AsyncTask is a typedef for Task<InputData>.
The m_task_end_sync.sync_with_task( task ); just make sure that if the input system is destroyed, it will first notify the task to end and wait for it, terminating in synch with it. This makes everything very deterministic. I use it in each core system construction/destruction for synchronizing with update tasks.

As you can see, other than classic modern c++ idioms, all the complexity is hidden. What you feel is complex is actually the implementation of the tools to hide complexity, which really are glue code using boost/tbb/c++11 libs. I also don't even use futures much yet because they becomes interesting only since the lat boost release.

If you look at this code and feel it's complicated, then really don't even try to do the same.

I believe managing concurrent code will be far simpler once we get some tools that are proposed for the next C++ major standard (c++17 is the current target) so currently we still have to explain how to tools work before you use it and build them because there's nothing standard.

[Garthy]

Klaim:

Yikes, that seems enormously complex, and I did have trouble absorbing it all. It would definitely have the potential to be a massive project. I hope the amount of work you've sunk into it thus far will let you obtain the gains you are after!

It sounds like you're approaching developing such a system in the right way though, with plenty of unit testing as you build the supporting framework up. I don't think it would be practically doable without this. Best of luck!

...

Also, quite a few engines and frameworks have issues when resources are created from different threads. In the case I mentioned earlier I was using OpenGL directly, and when I ran into the issues with textures and models, I "cheated" and just shifted the resource creation back to the main thread, leaving the bulk of the real work in the separate tasks. I'm very much a proponent of using multithreading to solve the easiest 90% of a task, and leaving the difficult last 10% the heck alone.

[Klaim]

Yikes, that seems enormously complex, and I did have trouble absorbing it all.

Don't mix the complexity of the message with the complexity of the system though.
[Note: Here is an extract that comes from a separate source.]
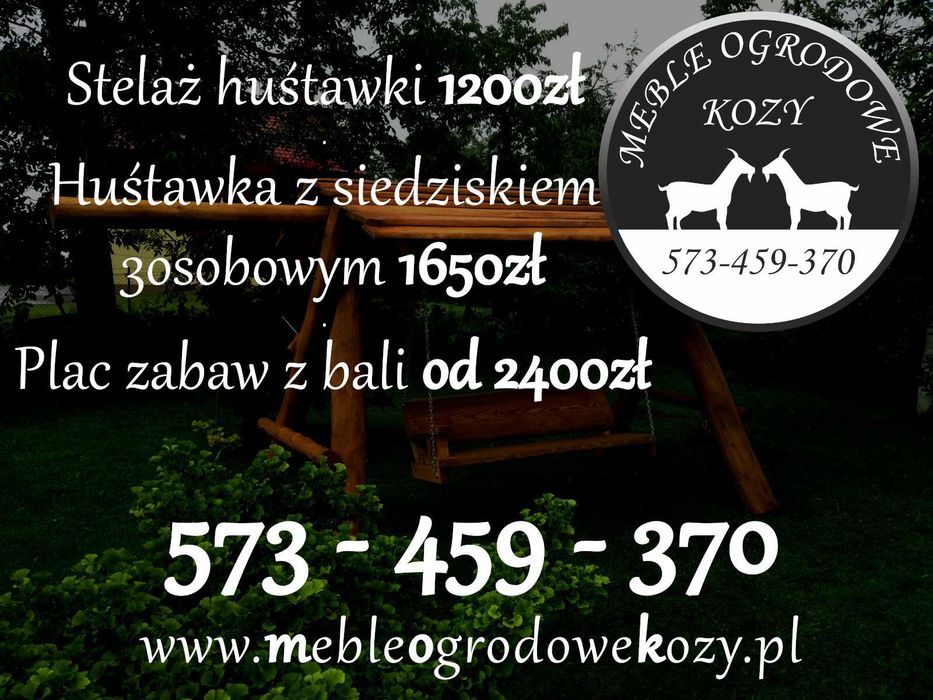 PROMKA! Drewniana huśtawka ogrodowa z grubych bali / Plac zabaw Stelaż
I just wrapped library stuffs under tools to make things simple. Using all this right now feels easy.

It would definitely have the potential to be a massive project. I hope the amount of work you've sunk into it thus far will let you obtain the gains you are after!

I hope too and I already begin to see the benefits! The goal to make easy to manage concurrency is, so far in my current use, achieved. But you're right that if you don't have the same kind of background than me it can be a massive project. I expect this kind of systems to become standard in some ways later so that people can use them without understanding the details, as it helps a lot but not everybody can manage to implement all that.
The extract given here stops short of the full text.